Caps have sphincter muscles to allow this redirecting. At any one time, only 5-10% of
caps have blood flowing through them but all cells are being feed.
Three circulatory systems though all connected; pulmonary system, systemic system and
coronary system – arteries supply heart muscle with oxygen and nutrients.

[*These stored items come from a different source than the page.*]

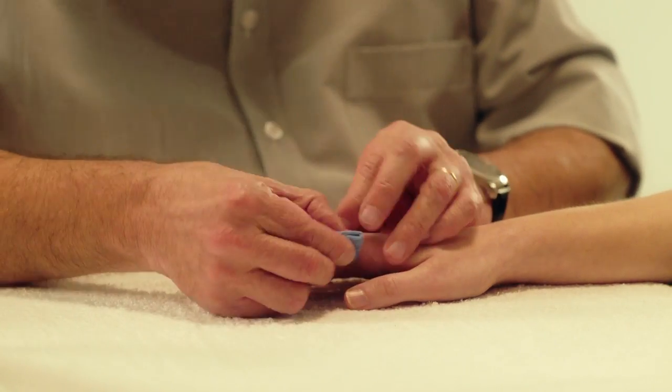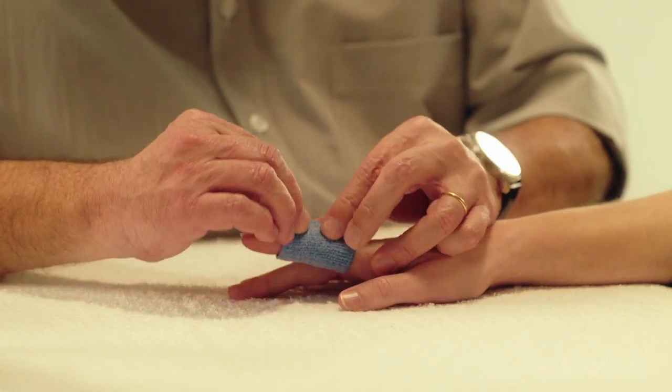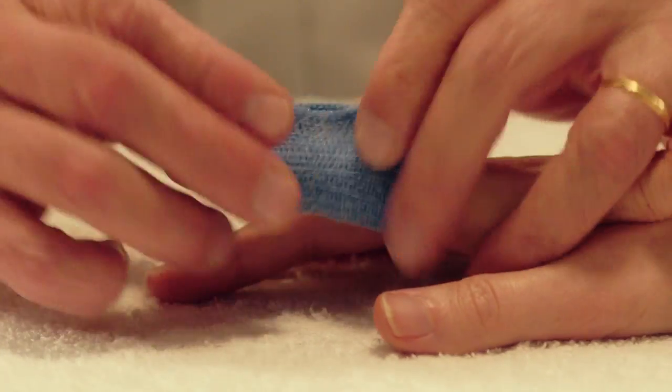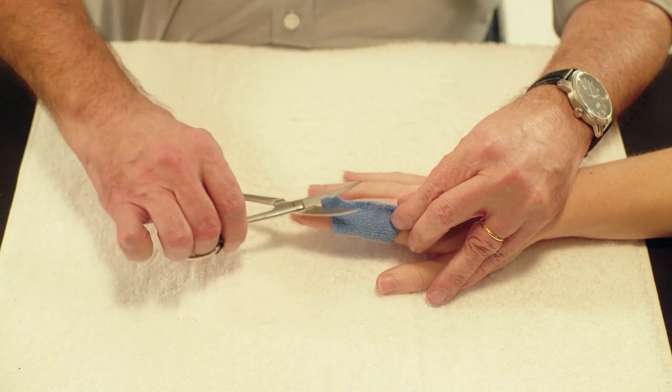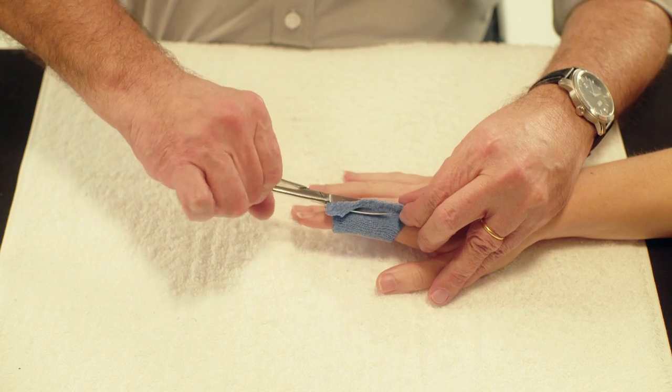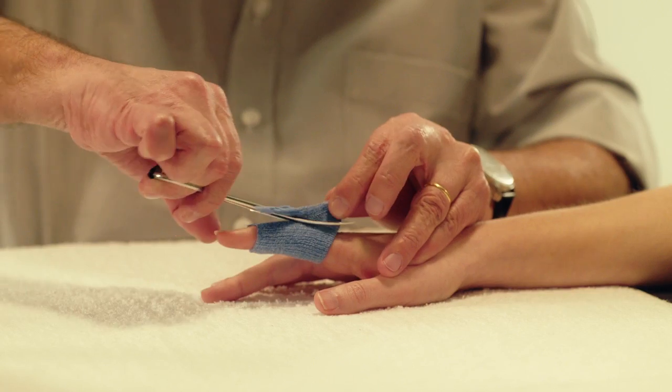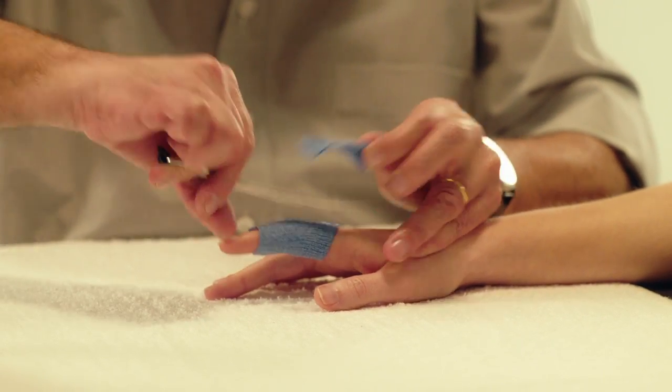Pass the material under the palmar side of the proximal and middle phalanges and pinch it together on the dorsal side. Immediately cut the material with curved scissors as close to the skin as possible. To avoid cutting the patient's skin, pull the material up and away from the patient while cutting.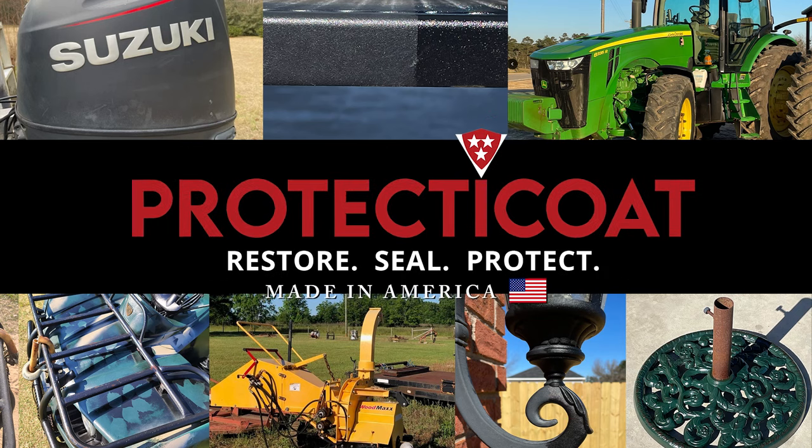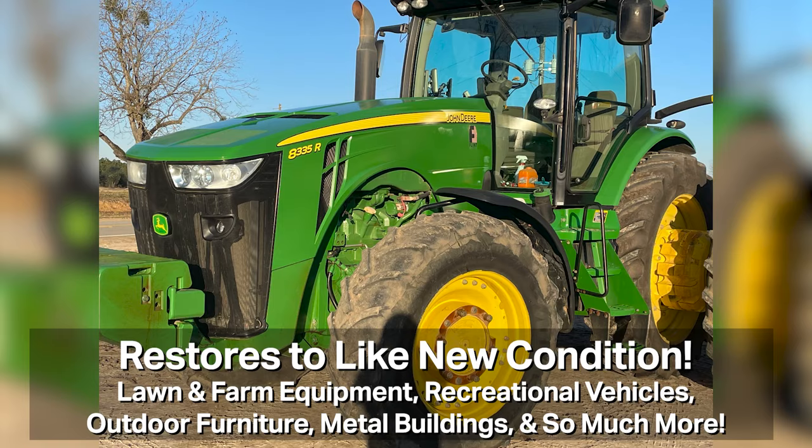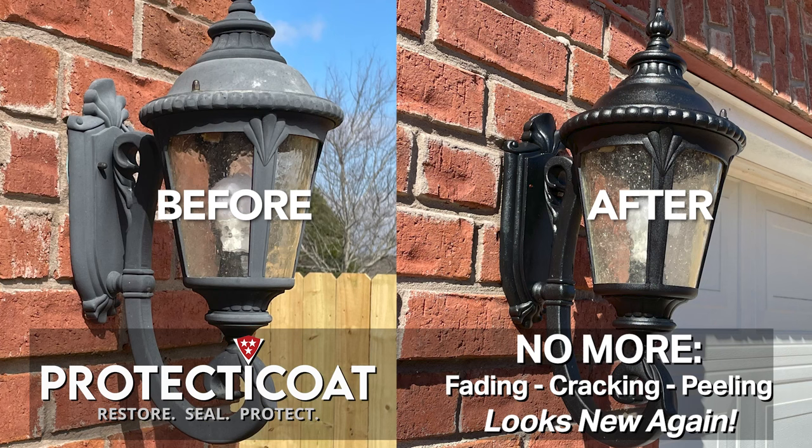Introducing Protect-A-Coat, a new way to restore the luster and shine to older recreational vehicles, lawn and farm equipment, metal buildings, patio furniture, and more. Protect-A-Coat makes the old look new again, while protecting the surface from fading, cracking, and peeling in the future.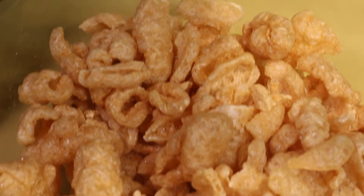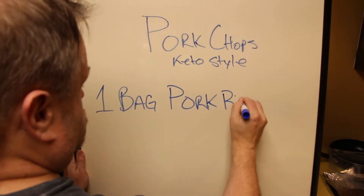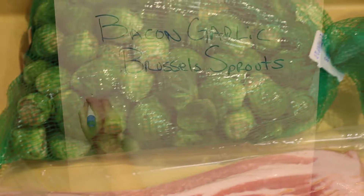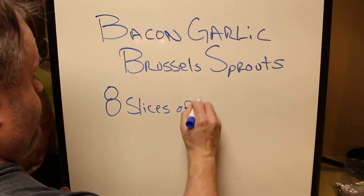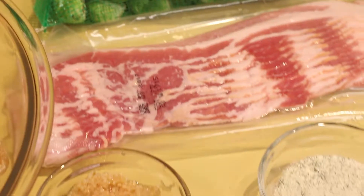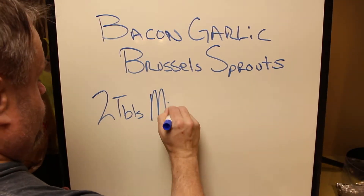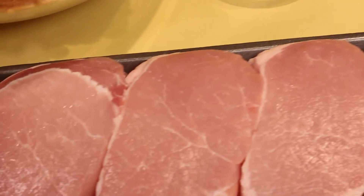For ingredients, you're going to want to start with your pork rinds — one bag of them. Some Brussels sprouts, between a half pound to a pound depending on how many people you're serving; we went with three quarters. A package of bacon — five to ten slices is good. You'll need a packet of ranch dressing, two tablespoons of minced garlic to go with your Brussels sprouts, and of course your pork chops to be breaded and baked.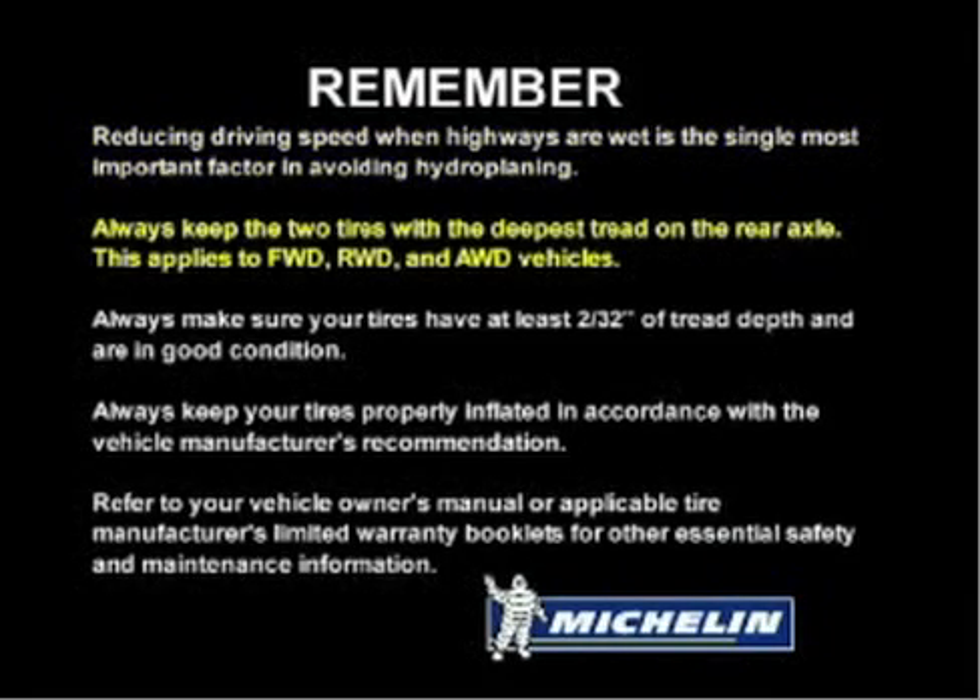Remember: reducing driving speed when highways are wet is the single most important factor in avoiding hydroplaning. Always keep the two tires with the deepest tread on the rear axle — this applies to front-wheel drive, rear-wheel drive, and all-wheel drive vehicles. Always make sure your tires have at least 2/32nds of an inch of tread depth and are in good condition. Always keep your tires properly inflated in accordance with the vehicle manufacturer's recommendation.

Lab on strength of arteries vs veins page 214 and precision of manual vs electronic
pulse meters p213 of tiger book.
The Heart Weighs about 300 g, weight of an apple, located just left of center,
surrounded by pericardium membrane and fluid. ** be able to draw and show the
relative thicknesses of the walls
Addition to heart dissection – page 212 tiger text
Deoxygenated blood from the body enters through the superior and inferior vena cava
into right atrium. (atria→plural). When full, A.V. valve opens, atrium contracts and
blood forced into right ventricle. When ventricle full, A.V. closes and S.L valve opens
→ ventricle contracts and forces blood out of heart in the pulmonary artery into the
pulmonary system. Artery divided into two, left and right and goes to lungs. They
rebranch into arterioles and capillaries. It’s in the caps that oxygen and CO2 are
exchanged. Oxygenated blood returns to heart via the pulmonary vein on left side to left
atrium. The pressure it exerts causes the AV valve to open, left ventricle, SL valve and
out via the aorta. The aorta arches and branches up to the heart and the coronary system,
and to the rest of the body through the systemic system. Aorta the thickest artery with the
greatest pressure.
35-40 seconds for one trip while watching TV, 10 seconds when exercising, heart
uses 80% of oxygen it gets while the body uses only 25% (efficiency and/or
need?)hole in the septum.
Heartbeat – ventricles contract together, atria contract together, systole – period when
ventricles contract, SL valves open and AV valves closed, Diastole – period when
ventricles relaxing and filling up and atrium contracting, SL closed, AV open. Together,
the whole process is called the cardiac cycle.
inverse relationship between size and heart rate – elephant is 25/min while shrew is
600/min, lub-dub is sound of valves closing. Rheumatic fever valves damaged,
blood leaks back – ph-t-t-t sound. Body compensates by beating faster.
Control of heart’s tempo
Heart muscle is myogenic – can contract on its own, independent or nervous or hormonal
stimulation. But nerves and hormones do affect the heart beat. Beats about 70/min
pumping about 5-6 liters of blood. The stimulus for pumping is embedded in the wall of
the right atrium. It is a specialized tissue called the pacemaker (or sino-atrial node) It
establishes the rhythm of the heart by sending impulses to make the atria contract. (also a
set of tissue, called Purkinje fibers, in the ventricles that pick up the stimulus and
get the ventricles to contrite – need to be that split second behind the atria) If
impulses become disordered, random → ventricular fibrillation or V-fib. A
temperature increase of 1 C raises the heart rate 10 beats/min, which is why fever
gives a high heart rate.
The heart speeds up or slows down through involuntary control. The two main ways are
through nerves or hormones. The sympathetic nervous system causes the heart to speed
up. The parasympathetic system will show the heart back down. One of many examples
of antagonistic pairs in the body. The hormone adrenalin or epinephrine will speed up the
heart and can work with the sympathetic system.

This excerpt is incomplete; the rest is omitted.